Oil prices slip amid West Asia conflict: BPCL, IOC, IndiGo and paint stocks in focus

Benchmark Brent crude prices, which had surged sharply at the onset of the crisis, eased after market sentiment improved on expectations of de-escalation pertaining to West Asia conflict.

US President Donald Trump has stated that war would come to an end “very soon”.

Traders responded positively to reports suggesting that the conflict may not intensify further in the immediate term. Additional reassurance came from signals by G7 nations expressing readiness to release strategic petroleum reserves if supply shortages arise.

KEY HIGHLIGHTS
Crude oil slips on cooling geopolitical risks
HPCL, BPCL, IOC, Aviation and Paint stocks soar in early trade
Stock market recovery: Sensex climbs over 78,500 level; Nifty 50 at 24,300 mark

The move is seen as a buffer against sudden disruptions and speculative spikes.

Oil prices surged towards $120 per barrel yesterday, compared to a price of $70 per barrel in late February.



This was because the conflict shut down the Strait of Hormuz, a critical route carrying 20 per cent of the world’s oil exports, as Iran attacked oil vessels, creating a fear of a potential shortage of oil supplies, thereby creating a price increase of $49 per barrel. Saudi Arabia also cut oil supplies, thereby increasing Brent crude prices by 35% in a week, the largest increase since 1983. However, today, oil prices are declining as talks of peace are underway, Sanket Roge, Research Analyst at Bonanza, said.

Stock market impact

that have been rattled since the conflict began.

The emergency call between Trump and Putin of Russia to share some quick solutions for peace also helped to reduce tensions in the market, Bonanza analyst empahsised.

Energy-import dependent economies, particularly India, remain sensitive to oil volatility. India imports nearly 85 per cent of its crude requirements, making its economy vulnerable to external price shocks. The earlier spike in oil had raised concerns of a widening trade deficit, currency depreciation, higher inflation, and potential interest rate hikes — factors that could weigh on economic growth and corporate profitability.

Reflecting these worries, the benchmark Nifty 50 index has fallen sharply, sliding nearly 1,000 points since the war began as foreign and domestic investors reduced risk exposure, according to Dr. V K Vijayakumar. Chief Investment Strategist, Geojit Investments.

Sectoral imapct

However, Tuesday’s decline in crude prices helped limit further market losses and improved investor sentiment across several sectors, particularly oil marketing companies, aviation, and paint manufacturers that benefit from lower input costs.
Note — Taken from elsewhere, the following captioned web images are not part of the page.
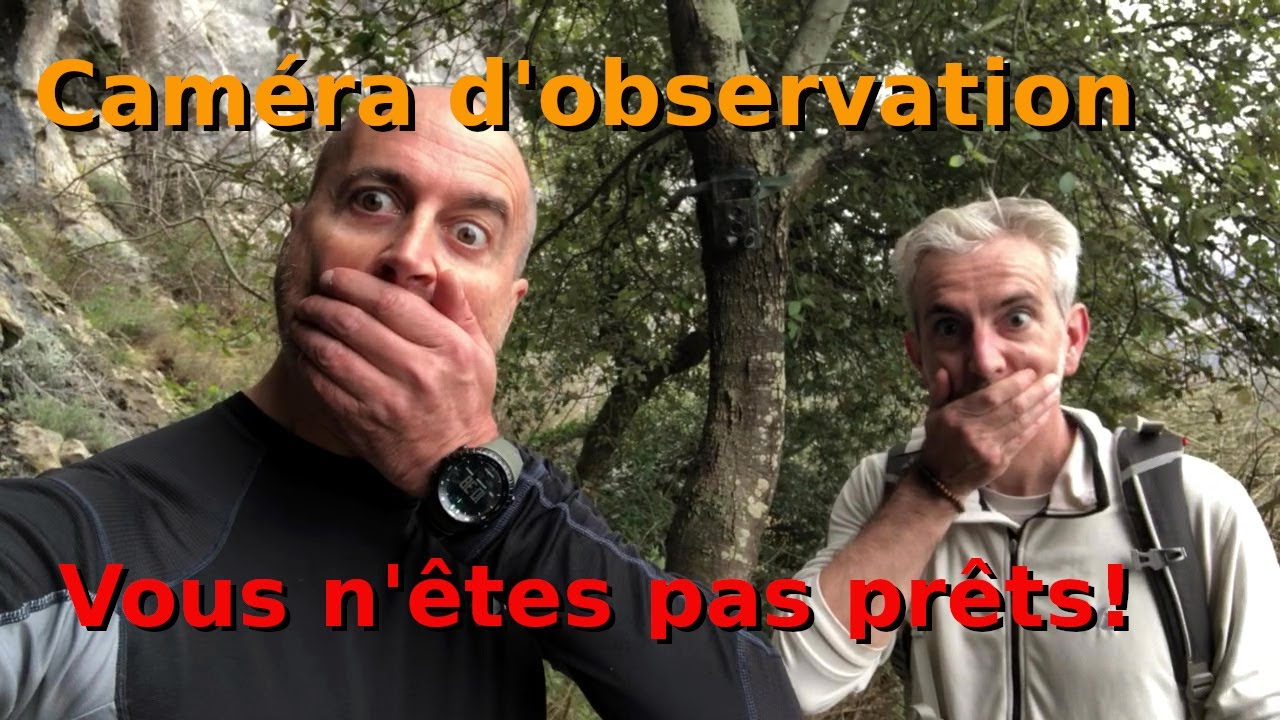 Caméra d'observation animale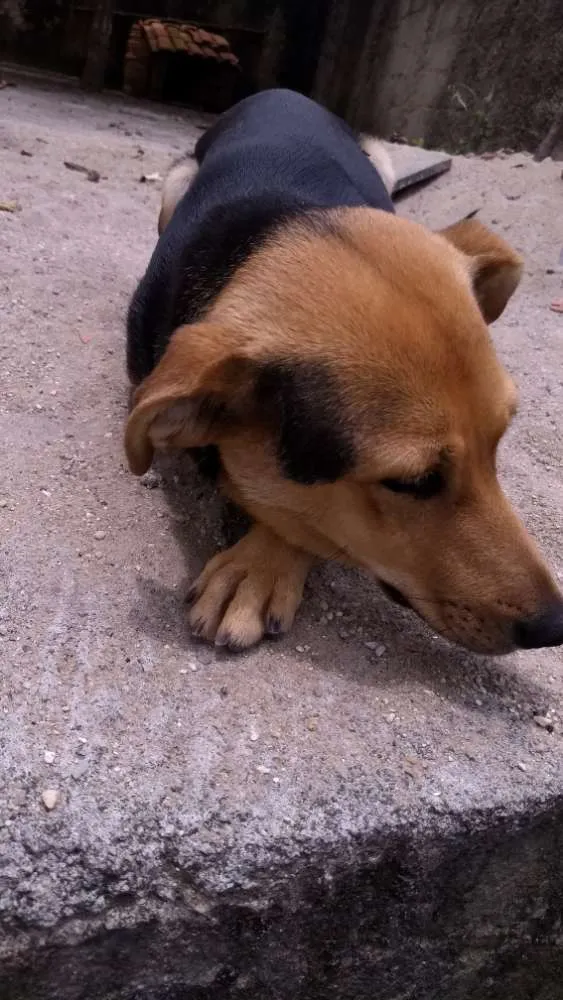 Cachorro ra a Rnd idade 1 ano nome Thor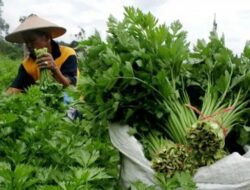 Sempat Melambung Pekan Lalu, Harga Seledri Terjun Bebas di Padang Panjang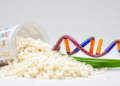 Thai Yoom Noon Rice Extracts Show Anti-Cancer and DNA-Protective Effects in Lab Tests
In today’s trading session, OMC stocks BPCL, HPCL and IOC soared 3-6 per cent in today’s trade. Aviation stocks InterGlobe Aviation and SpiceJet zoomed 6-8 per cent. Asian Paints and Berger Paints gained 2-4 per cent.

Market experts believe the trajectory of crude prices will remain the key determinant of near-term equity performance.
“Historically, geopolitical conflicts have only a temporary impact on markets,” Vijayakumar said.
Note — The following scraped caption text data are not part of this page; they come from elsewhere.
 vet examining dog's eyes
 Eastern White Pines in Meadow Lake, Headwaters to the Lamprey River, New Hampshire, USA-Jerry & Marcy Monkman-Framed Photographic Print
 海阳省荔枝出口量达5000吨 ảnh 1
“If the conflict lingers and crude remains elevated, India’s macroeconomic fundamentals will come under pressure. However, if tensions ease within weeks, the economic impact will likely remain marginal.”

He added that India could still deliver healthy GDP and corporate earnings growth in FY27 under a stable oil price scenario, which would help markets rebound.

What should investors do?

“History shows that markets recover to pre-crisis levels within weeks or months of geopolitical shocks. Investors should not panic. Mutual fund SIP investors have earned healthy double-digit returns over the past five years. Remaining invested and continuing systematic investments is the ideal strategy. This is the time for patience — and patience will be rewarded,” Vijayakumar added.

Sanket Roge, Research Analyst at Bonanza, suggested investors may consider increasing exposure to export-oriented companies while trimming holdings in oil exploration firms. Allocating a portion of the portfolio to gold can also serve as a safeguard against potential geopolitical tensions involving Iran.

“India’s economic growth is very high in the long term but should be hedged by 10 to 20 per cent,” Roge added.

Analysts note that while volatility may persist in the short term, easing crude prices could act as a stabilising force for global equities if diplomatic efforts continue and supply fears remain contained.